Mathematics > Category Theory
[Submitted on 4 May 2018]
Title:Interacting Hopf Algebras: the theory of linear systems
View PDFAbstract:As first main contribution, this thesis characterises the PROP SVk of linear subspaces over a field k - an important domain of interpretation for circuit diagrams appearing in diverse research areas. We present by generators and equations the PROP IH of string diagrams whose free model is SVk. IH stands for interacting Hopf algebras: its equations arise by distributive laws between Hopf algebras, which we obtain using Lack's technique for composing PROPs. The significance of the result is two-fold. First, it offers a canonical diagrammatic syntax for linear algebra: linear maps, kernels, subspaces, etc... are all faithfully represented in the graphical language. Second, the equations of IH describe familiar algebraic structures - Hopf algebras and Frobenius algebras - which are at the heart of graphical formalisms as seemingly diverse as quantum circuits, signal flow graphs, simple electrical circuits and Petri nets. Our characterisation enlightens the provenance of these axioms and reveals their linear algebraic nature. Our second main contribution is an application of IH to the semantics of signal processing circuits. We develop a formal theory of signal flow graphs, featuring a diagrammatic circuit syntax, a structural operational semantics and a denotational semantics.
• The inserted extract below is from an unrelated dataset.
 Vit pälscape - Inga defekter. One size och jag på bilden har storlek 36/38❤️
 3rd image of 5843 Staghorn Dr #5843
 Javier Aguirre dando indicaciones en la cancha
We prove completeness of the equations of IH for denotational equivalence. Also, we study full abstraction: it turns out that the purely operational picture is too concrete - two denotationally equal graphs may exhibit different operational behaviour. We classify the ways in which this can occur and show that any graph can be realised - rewritten, using the equations of IH, into an executable form where the operational behaviour and the denotation coincide. This realisability theorem suggests a reflection about the role of causality in the semantics of signal flow graphs and, more generally, of computing devices.